Actuellement, Manh demeure le plus expérimenté des fabricants d’instruments à vent du village. Son atelier a formé plusieurs générations de fabricants de trompette et en emploie des dizaines qui travaillent suivant ses deux priorités : production et formation (des jeunes artisans).
«Nous produisons une trentaine d’instruments à vent par mois. Nos produits sont de bonne qualité et d’un prix plus abordable que ceux importés. Ils sont appréciés dans tout le pays», déclare-t-il.
Considéré par tous les villageois comme «le génie vivant» du métier de fabricant de trompette, Manh est confiant en l’avenir de son atelier. «Des groupes de touristes le visitent souvent. Nous recevons aussi régulièrement des visites de musiciens vietnamiens. Cela me réjouit et me motive», affirme-t-il.

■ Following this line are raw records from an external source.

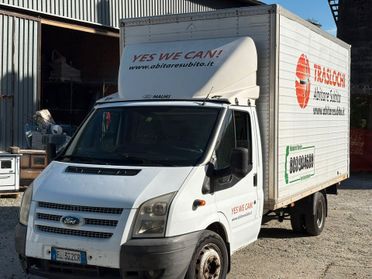 Ford Transit centinato con gancio traino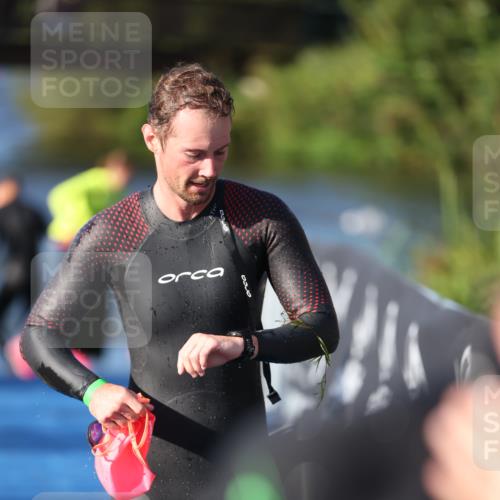 25.08.2024 - Elbe Triathlon Hamburg H.Heesch http://msf.ph/oto/6856482 25.08.2024 09:04:50 Schwimmen 223, 265 meine-sportfotos.de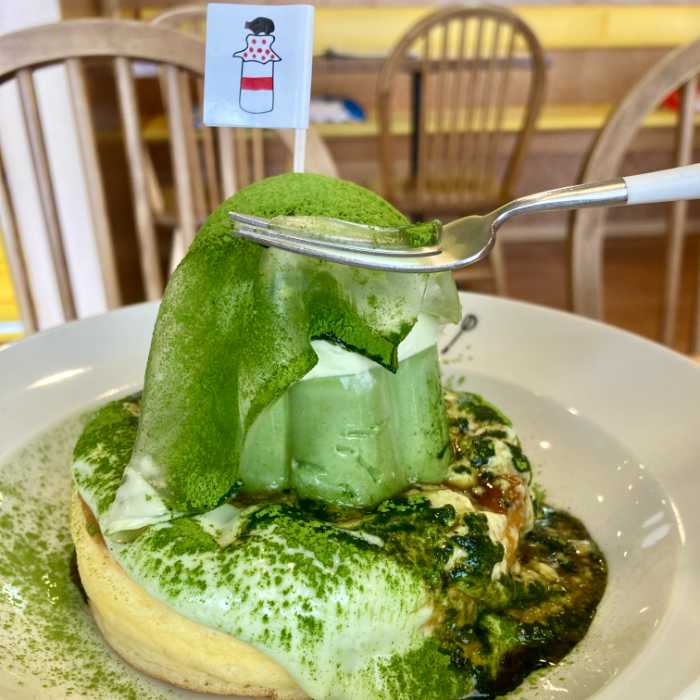 ドライブイン熱海プリン食堂の抹茶づくしのぷるんぷるんパンケーキ(2)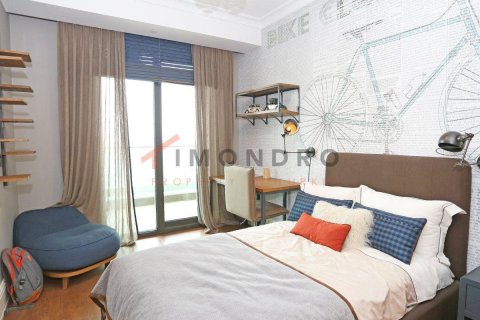 3+1 Apartment en Zeytinburnu, Turkey No. 17963 26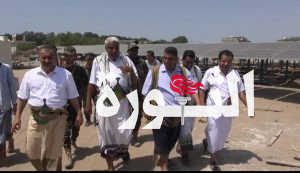 الاطلاع على أعمال تركيب منظومة طاقة شمسية لمحطة ضخ مياه في مديرية الحالي بالحديدة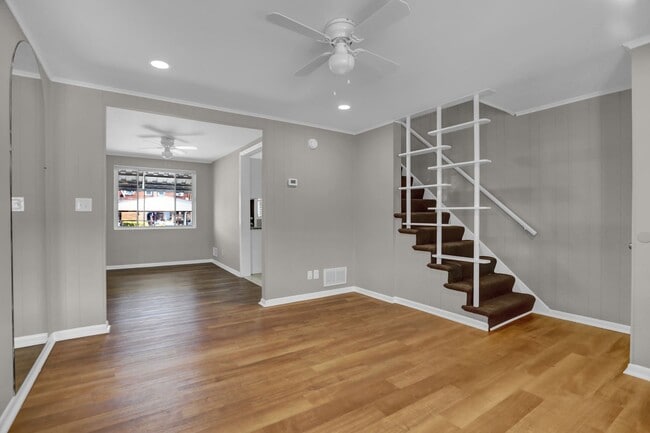 Building Photo - Completed Renovated Townhouse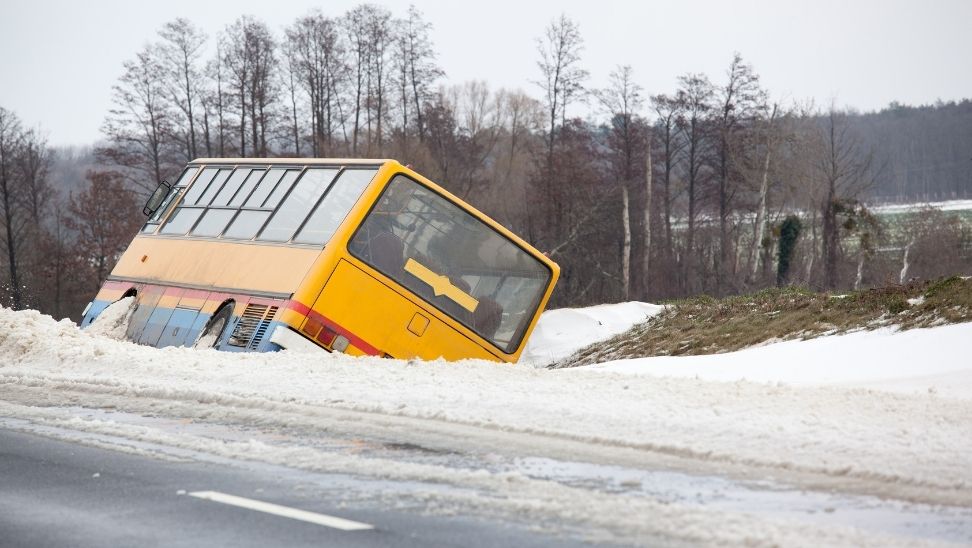 Sivas’ta yolcu otobüsü devrildi; 4 ölü, 30 yaralı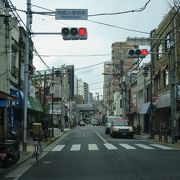 白金の下町商店街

Nam Dinh, le pays des trompettistes
La province de Nam Dinh (Nord) compte quelque 200 troupes de trompettistes amateurs dont la plus importante compte un millier de membres. Parmi lesquelles figurent des dizaines de troupes de femmes. Beaucoup de ces trompettistes amateurs sont de simples paysans amoureux de la musique, qui aiment se retrouver après une journée de labeur afin d’assouvir leur passion. Régulièrement, ces troupes sont invitées à se produire aux fêtes villageoises. Un concours est même organisé annuellement à l’intention de ces trompettistes non professionnels. Le village de Xuân Tiên, district de Xuân Truong, compte cinq troupes, regroupant plus de 500 «trompettistes-paysans». «Nous pouvons jouer une trentaine de concertos tant vietnamiens qu’étrangers», s’enorgueillit le chef d’orchestre du village.